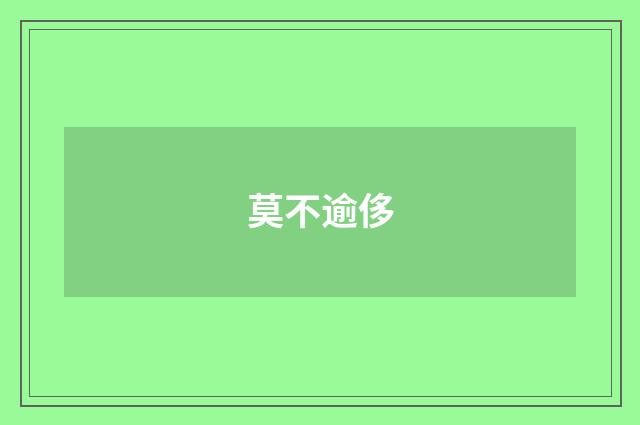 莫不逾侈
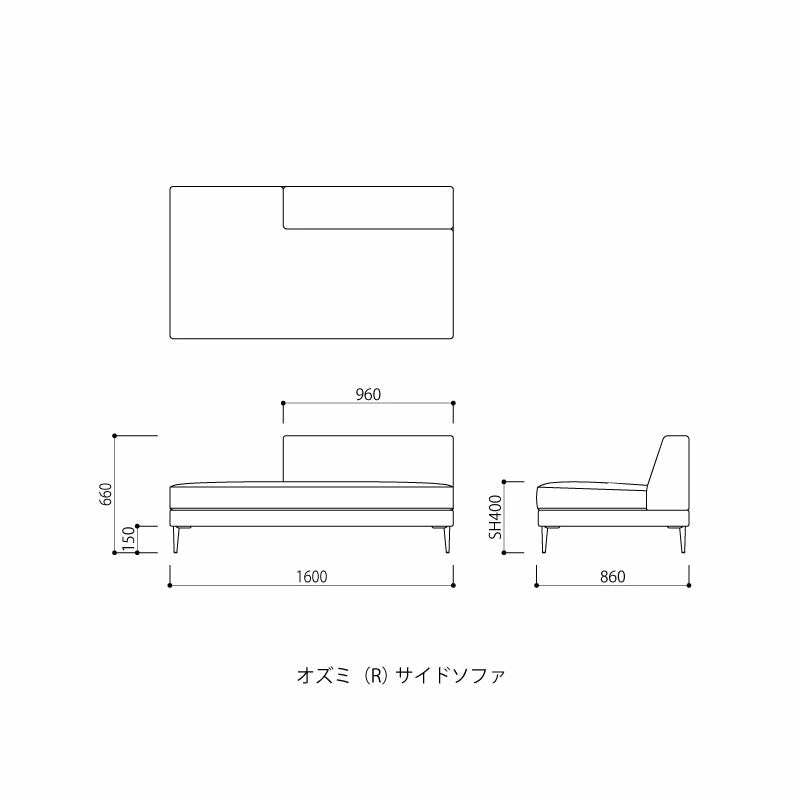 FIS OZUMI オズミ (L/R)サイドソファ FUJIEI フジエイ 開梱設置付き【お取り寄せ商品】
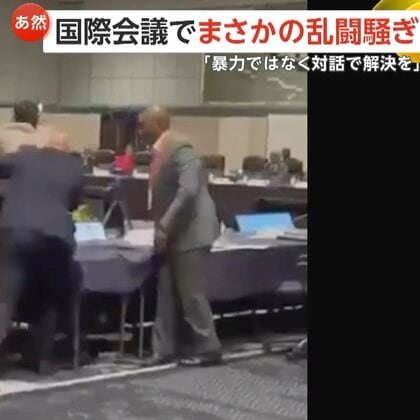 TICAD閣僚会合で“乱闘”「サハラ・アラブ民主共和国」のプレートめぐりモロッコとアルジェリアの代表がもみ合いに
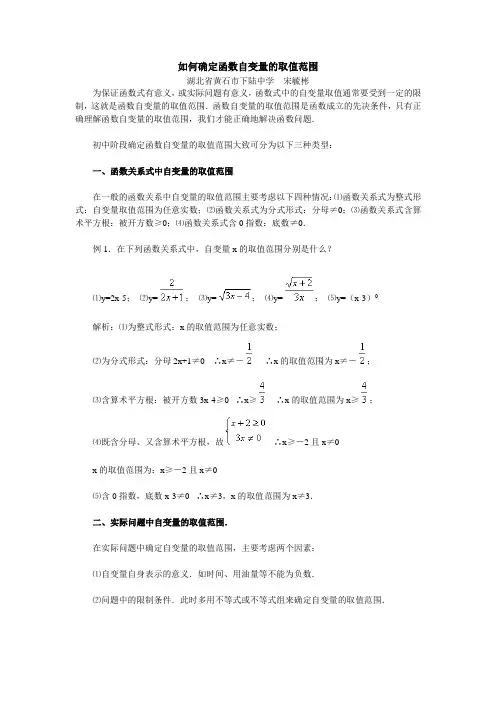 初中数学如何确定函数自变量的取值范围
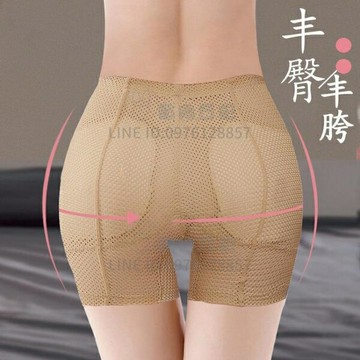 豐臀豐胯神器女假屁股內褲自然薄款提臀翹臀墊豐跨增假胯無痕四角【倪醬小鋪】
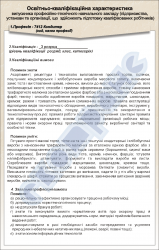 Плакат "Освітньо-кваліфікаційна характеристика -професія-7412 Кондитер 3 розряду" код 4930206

+ + + + +

=== Work order ===
Copy the records above exactly, omitting every picture.

=== Output of the task ===
 莫不逾侈
 FIS OZUMI オズミ (L/R)サイドソファ FUJIEI フジエイ 開梱設置付き【お取り寄せ商品】
 TICAD閣僚会合で“乱闘”「サハラ・アラブ民主共和国」のプレートめぐりモロッコとアルジェリアの代表がもみ合いに
 初中数学如何确定函数自变量的取值范围
 豐臀豐胯神器女假屁股內褲自然薄款提臀翹臀墊豐跨增假胯無痕四角【倪醬小鋪】
 Плакат "Освітньо-кваліфікаційна характеристика -професія-7412 Кондитер 3 розряду" код 4930206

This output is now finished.